What to do
Repeat the data that follows exactly, starting at the line with "Rockin Around the" and ending at the line with "Iker y Xavi, en un entrenamiento.", and leave out every picture.

Information supplied
_ _ _ _
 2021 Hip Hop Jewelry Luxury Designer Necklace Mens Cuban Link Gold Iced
_ _ _ _
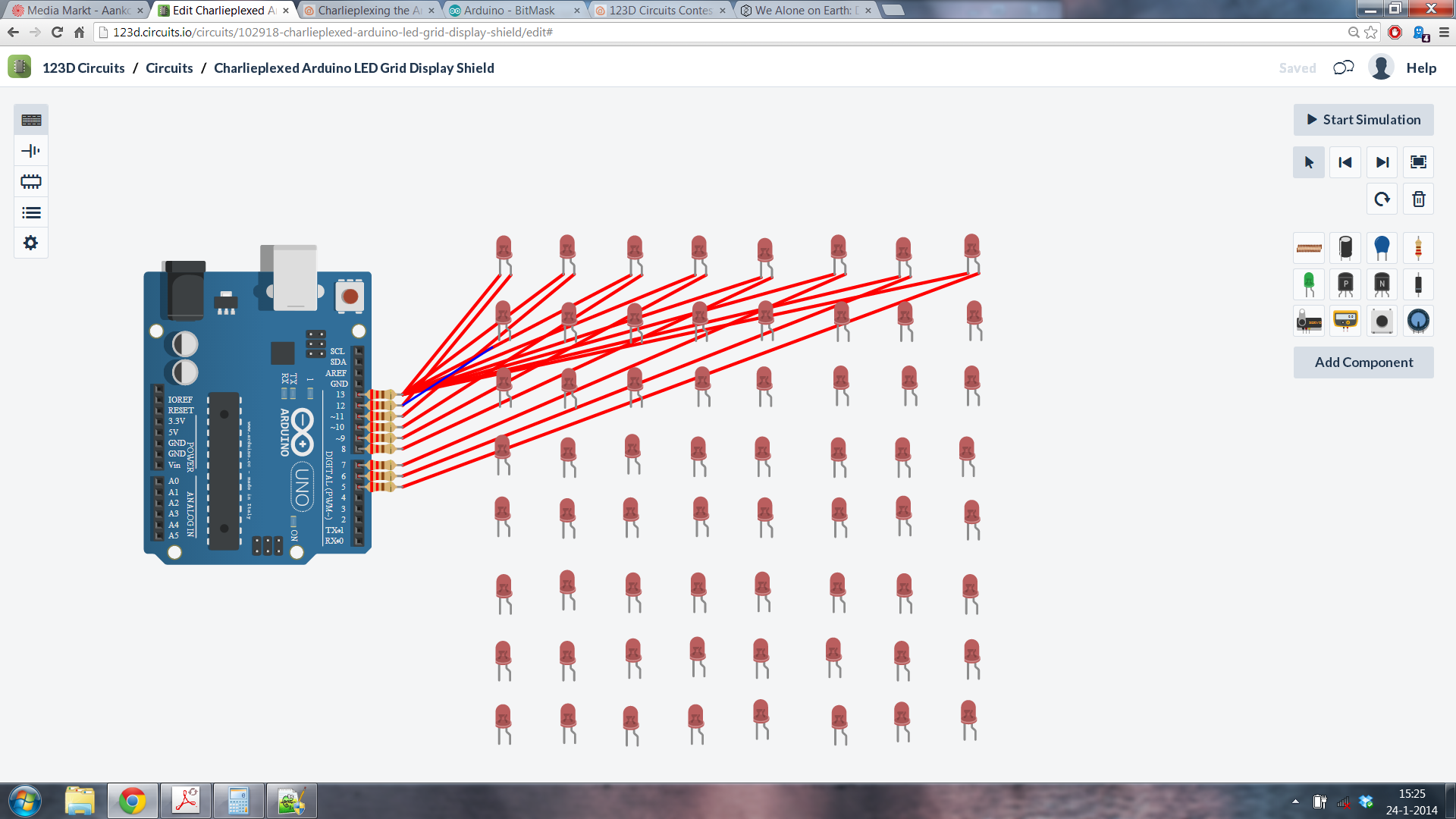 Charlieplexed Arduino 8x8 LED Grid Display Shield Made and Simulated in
_ _ _ _
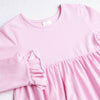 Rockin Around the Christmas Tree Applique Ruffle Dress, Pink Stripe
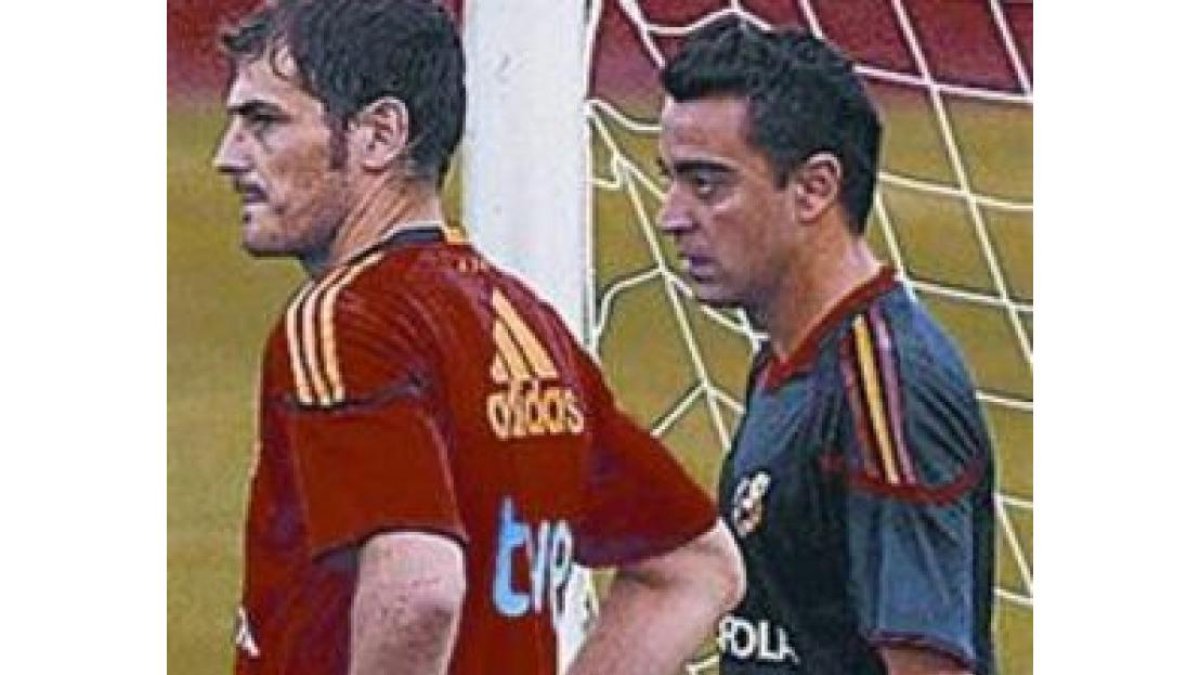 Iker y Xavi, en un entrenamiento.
_ _ _ _
Response for this exercise
 Rockin Around the Christmas Tree Applique Ruffle Dress, Pink Stripe
 Iker y Xavi, en un entrenamiento.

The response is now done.